The speech by Sherwood, whom the Jewish Chronicle of London identified as a historian, was one of a number of events organized in March for Israel Apartheid week by Manchester University's student Boycott, Disinvestment and Sanctions committee.
"The Israeli diplomats visited Manchester on 22 February and met the university’s head of student experience, Tim Westlake. Later that day in an email, Michael Freeman, the embassy’s counsellor for civil society affairs, wrote to Westlake and thanked him for discussing the 'difficult issues that we face,' including the 'offensively titled' Israeli Apartheid Week," the Guardian reported.

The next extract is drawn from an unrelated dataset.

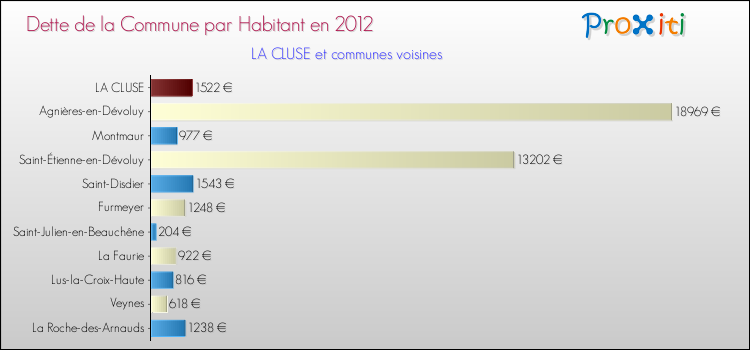Dette par habitant de la commune en 2012 pour LA CLUSE et les communes proches Comparaison de la dette par habitant de la commune en 2012 pour LA CLUSE et les communes voisines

Calling the initial title of Sherwood's talk anti-Semitic, Freeman also made accusations of anti-Semitism against two speakers at a separate campus event. “Both of these events will cause Jewish students to feel uncomfortable on campus and that they are being targeted and harassed for their identity as a people and connection to the Jewish state of Israel,” Freeman told Westlake, according to the news website. “I would be grateful if you could look into these events and take the appropriate action.”
The correspondence surfaced after the university was required to disclose it by Britain's Information Commissioner’s Office, which has responsibility for the country's Freedom of Information Act. In his email, Freeman, of the embassy, wrote: “We welcome debate and discussion and see it as an essential part of a healthy democracy and open society. In the case of these two particular events, we feel that this is not legitimate criticism but has rather crossed the line into hate speech,” according to the Guardian.
For her part, the organizer of the event, Huda Ammori, said: “In educational institutions there shouldn’t be any sort of lobbying from foreign governments. You couldn’t imagine them sitting down with the Saudi embassy for an event about what’s going on in Yemen.”
Sherwood, the Holocaust survivor, denied that the initial billing for her talk could be construed as anti-Semitic. “I was just speaking of my experience of what the Nazis were doing to me as a Jewish child,” she said. “I had to move away from where I was living, because Jews couldn’t live there. I couldn’t go to school. I would have died were it not for the Christians who baptized us and shared papers with us to save us. I can’t say I’m a Palestinian, but my experiences as a child are not dissimilar to what Palestinian children are experiencing now,” the Guardian reported.
A spokesman for the Israeli embassy said: "Comparing Israel to the Nazi regime could reasonably be considered anti-Semitic, given the context, according to the [International Holocaust Remembrance Alliance's] working definition of antisemitism, which is accepted by the British government, the Labour Party, the NUS [National Union of Students] and most British universities."
Manchester University said a free speech code applied to all campus events involving outside speakers and controversial topics and that the university also consulted "relevant laws, including the Equality Act 2010," in setting the guidelines for the event, the Guardian said.
Weighing in last year on Brexit, British voters' decision to leave the European Union, Marika Sherwood was quoted by the Australian daily the Sydney Morning Herald as saying: "The British education system reinforces prejudice," adding: "It reinforces the notion that it's only England or Britain that matters, that exists, that has a history, that ever invented or discovered anything. There's a lot of wars, our kings and queens and how fantastic they were and how many wars they won [against European nations]."